Top of TASK DATA
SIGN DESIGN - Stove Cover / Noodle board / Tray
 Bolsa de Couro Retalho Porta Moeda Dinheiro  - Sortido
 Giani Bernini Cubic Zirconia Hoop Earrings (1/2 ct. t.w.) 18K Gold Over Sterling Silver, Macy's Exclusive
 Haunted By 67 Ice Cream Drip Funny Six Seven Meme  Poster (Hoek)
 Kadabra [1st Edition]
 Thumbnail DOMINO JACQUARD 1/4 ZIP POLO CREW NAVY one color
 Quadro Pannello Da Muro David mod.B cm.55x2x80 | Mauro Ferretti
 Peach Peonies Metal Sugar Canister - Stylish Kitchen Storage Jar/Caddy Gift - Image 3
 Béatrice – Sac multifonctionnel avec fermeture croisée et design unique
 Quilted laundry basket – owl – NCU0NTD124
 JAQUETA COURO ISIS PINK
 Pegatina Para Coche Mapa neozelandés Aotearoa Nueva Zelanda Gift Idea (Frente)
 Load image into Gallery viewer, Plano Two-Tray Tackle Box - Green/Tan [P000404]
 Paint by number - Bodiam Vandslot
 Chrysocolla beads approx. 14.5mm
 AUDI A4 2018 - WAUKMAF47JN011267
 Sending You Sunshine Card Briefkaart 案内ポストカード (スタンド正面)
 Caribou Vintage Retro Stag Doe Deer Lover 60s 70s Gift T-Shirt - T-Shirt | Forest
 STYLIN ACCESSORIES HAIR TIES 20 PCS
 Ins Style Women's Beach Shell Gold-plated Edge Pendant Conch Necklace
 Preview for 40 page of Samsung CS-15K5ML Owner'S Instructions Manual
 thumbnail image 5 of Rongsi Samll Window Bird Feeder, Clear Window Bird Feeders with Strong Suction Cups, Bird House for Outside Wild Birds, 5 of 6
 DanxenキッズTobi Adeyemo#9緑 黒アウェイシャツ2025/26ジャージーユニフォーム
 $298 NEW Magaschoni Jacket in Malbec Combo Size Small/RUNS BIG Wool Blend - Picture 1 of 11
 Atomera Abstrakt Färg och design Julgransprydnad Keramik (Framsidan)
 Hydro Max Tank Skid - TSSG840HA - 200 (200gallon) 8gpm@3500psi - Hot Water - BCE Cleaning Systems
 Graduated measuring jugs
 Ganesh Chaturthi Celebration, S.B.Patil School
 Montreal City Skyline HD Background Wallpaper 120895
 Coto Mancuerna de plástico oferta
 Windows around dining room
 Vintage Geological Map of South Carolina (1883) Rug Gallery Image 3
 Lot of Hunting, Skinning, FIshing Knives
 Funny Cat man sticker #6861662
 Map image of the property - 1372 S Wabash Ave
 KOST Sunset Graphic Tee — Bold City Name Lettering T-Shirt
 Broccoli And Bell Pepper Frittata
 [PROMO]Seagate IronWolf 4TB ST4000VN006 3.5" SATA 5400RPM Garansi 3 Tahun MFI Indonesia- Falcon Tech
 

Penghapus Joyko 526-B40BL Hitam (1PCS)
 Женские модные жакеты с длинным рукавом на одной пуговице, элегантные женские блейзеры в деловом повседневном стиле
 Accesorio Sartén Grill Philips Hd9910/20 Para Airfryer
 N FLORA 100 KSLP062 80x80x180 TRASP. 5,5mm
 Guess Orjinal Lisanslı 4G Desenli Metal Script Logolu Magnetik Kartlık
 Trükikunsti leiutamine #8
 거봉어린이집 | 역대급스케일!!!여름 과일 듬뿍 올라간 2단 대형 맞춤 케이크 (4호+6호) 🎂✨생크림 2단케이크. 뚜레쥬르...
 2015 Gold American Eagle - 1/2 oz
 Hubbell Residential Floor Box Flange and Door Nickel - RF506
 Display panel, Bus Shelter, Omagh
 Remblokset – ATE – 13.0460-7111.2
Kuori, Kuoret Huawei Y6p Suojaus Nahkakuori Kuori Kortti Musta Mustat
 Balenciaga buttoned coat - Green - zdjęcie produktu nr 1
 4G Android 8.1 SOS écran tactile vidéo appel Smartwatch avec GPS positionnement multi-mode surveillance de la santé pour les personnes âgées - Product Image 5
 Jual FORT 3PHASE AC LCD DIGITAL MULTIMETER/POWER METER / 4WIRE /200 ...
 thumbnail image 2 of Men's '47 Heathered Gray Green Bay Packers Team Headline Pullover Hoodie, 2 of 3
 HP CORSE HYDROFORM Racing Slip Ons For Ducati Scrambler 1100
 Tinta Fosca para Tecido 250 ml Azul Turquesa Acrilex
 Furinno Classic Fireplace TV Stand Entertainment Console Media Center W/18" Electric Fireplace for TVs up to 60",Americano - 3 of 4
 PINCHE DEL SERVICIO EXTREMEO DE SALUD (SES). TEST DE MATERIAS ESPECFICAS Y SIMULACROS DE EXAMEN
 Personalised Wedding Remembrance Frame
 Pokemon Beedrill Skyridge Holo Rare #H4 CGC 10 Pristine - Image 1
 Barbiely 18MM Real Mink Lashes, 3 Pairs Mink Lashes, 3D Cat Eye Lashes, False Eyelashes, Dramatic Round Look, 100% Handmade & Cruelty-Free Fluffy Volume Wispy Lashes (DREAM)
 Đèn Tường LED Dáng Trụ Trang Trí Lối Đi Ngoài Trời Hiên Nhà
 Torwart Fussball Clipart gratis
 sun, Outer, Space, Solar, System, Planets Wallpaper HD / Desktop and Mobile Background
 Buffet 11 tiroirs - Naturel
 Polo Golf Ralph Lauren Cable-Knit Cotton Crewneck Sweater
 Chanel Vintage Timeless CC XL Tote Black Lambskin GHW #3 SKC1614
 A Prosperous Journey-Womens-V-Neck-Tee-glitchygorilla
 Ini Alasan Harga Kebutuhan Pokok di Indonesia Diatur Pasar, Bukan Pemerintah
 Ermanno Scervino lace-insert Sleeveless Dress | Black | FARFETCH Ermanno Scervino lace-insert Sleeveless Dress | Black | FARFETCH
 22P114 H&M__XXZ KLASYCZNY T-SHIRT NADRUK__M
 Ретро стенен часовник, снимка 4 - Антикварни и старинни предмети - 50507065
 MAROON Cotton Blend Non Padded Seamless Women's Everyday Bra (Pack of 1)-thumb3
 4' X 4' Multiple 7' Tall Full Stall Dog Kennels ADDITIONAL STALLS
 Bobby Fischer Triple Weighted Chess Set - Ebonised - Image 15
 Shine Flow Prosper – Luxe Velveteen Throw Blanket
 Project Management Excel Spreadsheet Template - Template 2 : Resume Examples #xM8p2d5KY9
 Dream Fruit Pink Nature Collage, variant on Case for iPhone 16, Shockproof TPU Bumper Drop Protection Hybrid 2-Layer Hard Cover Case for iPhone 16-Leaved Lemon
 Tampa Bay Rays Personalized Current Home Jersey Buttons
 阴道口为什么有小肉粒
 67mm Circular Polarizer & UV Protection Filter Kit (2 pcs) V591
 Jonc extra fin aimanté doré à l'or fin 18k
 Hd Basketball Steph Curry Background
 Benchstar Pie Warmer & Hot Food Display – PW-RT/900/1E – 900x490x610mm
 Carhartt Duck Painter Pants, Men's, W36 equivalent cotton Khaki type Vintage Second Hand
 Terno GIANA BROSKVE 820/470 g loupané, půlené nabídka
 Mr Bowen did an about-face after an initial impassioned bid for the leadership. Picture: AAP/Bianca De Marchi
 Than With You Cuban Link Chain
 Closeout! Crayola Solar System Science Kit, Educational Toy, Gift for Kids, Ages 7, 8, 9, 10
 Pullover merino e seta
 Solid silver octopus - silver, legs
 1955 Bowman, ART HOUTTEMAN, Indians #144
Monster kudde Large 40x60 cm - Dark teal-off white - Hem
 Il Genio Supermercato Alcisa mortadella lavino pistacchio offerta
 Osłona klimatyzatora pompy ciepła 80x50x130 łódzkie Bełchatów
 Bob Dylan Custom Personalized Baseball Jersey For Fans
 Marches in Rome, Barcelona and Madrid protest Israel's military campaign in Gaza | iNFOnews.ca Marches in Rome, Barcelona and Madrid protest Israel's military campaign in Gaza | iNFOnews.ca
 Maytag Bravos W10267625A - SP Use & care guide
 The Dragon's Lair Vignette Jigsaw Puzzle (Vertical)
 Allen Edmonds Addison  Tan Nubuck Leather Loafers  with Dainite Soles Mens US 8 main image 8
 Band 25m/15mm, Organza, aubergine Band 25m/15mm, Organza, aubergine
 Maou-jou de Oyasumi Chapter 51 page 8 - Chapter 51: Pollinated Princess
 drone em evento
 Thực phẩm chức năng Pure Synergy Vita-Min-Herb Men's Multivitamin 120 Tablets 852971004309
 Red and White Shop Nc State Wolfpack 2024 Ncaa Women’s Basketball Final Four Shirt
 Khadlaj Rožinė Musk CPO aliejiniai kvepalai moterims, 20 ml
Bottom of TASK DATA
■ TASK REQUIREMENTS
Starting with the first line of the data above, copy each line exactly until you reach the line with "Preview for 40"; include that line as well.

■ EXPECTED OUTPUT
SIGN DESIGN - Stove Cover / Noodle board / Tray
 Bolsa de Couro Retalho Porta Moeda Dinheiro  - Sortido
 Giani Bernini Cubic Zirconia Hoop Earrings (1/2 ct. t.w.) 18K Gold Over Sterling Silver, Macy's Exclusive
 Haunted By 67 Ice Cream Drip Funny Six Seven Meme  Poster (Hoek)
 Kadabra [1st Edition]
 Thumbnail DOMINO JACQUARD 1/4 ZIP POLO CREW NAVY one color
 Quadro Pannello Da Muro David mod.B cm.55x2x80 | Mauro Ferretti
 Peach Peonies Metal Sugar Canister - Stylish Kitchen Storage Jar/Caddy Gift - Image 3
 Béatrice – Sac multifonctionnel avec fermeture croisée et design unique
 Quilted laundry basket – owl – NCU0NTD124
 JAQUETA COURO ISIS PINK
 Pegatina Para Coche Mapa neozelandés Aotearoa Nueva Zelanda Gift Idea (Frente)
 Load image into Gallery viewer, Plano Two-Tray Tackle Box - Green/Tan [P000404]
 Paint by number - Bodiam Vandslot
 Chrysocolla beads approx. 14.5mm
 AUDI A4 2018 - WAUKMAF47JN011267
 Sending You Sunshine Card Briefkaart 案内ポストカード (スタンド正面)
 Caribou Vintage Retro Stag Doe Deer Lover 60s 70s Gift T-Shirt - T-Shirt | Forest
 STYLIN ACCESSORIES HAIR TIES 20 PCS
 Ins Style Women's Beach Shell Gold-plated Edge Pendant Conch Necklace
 Preview for 40 page of Samsung CS-15K5ML Owner'S Instructions Manual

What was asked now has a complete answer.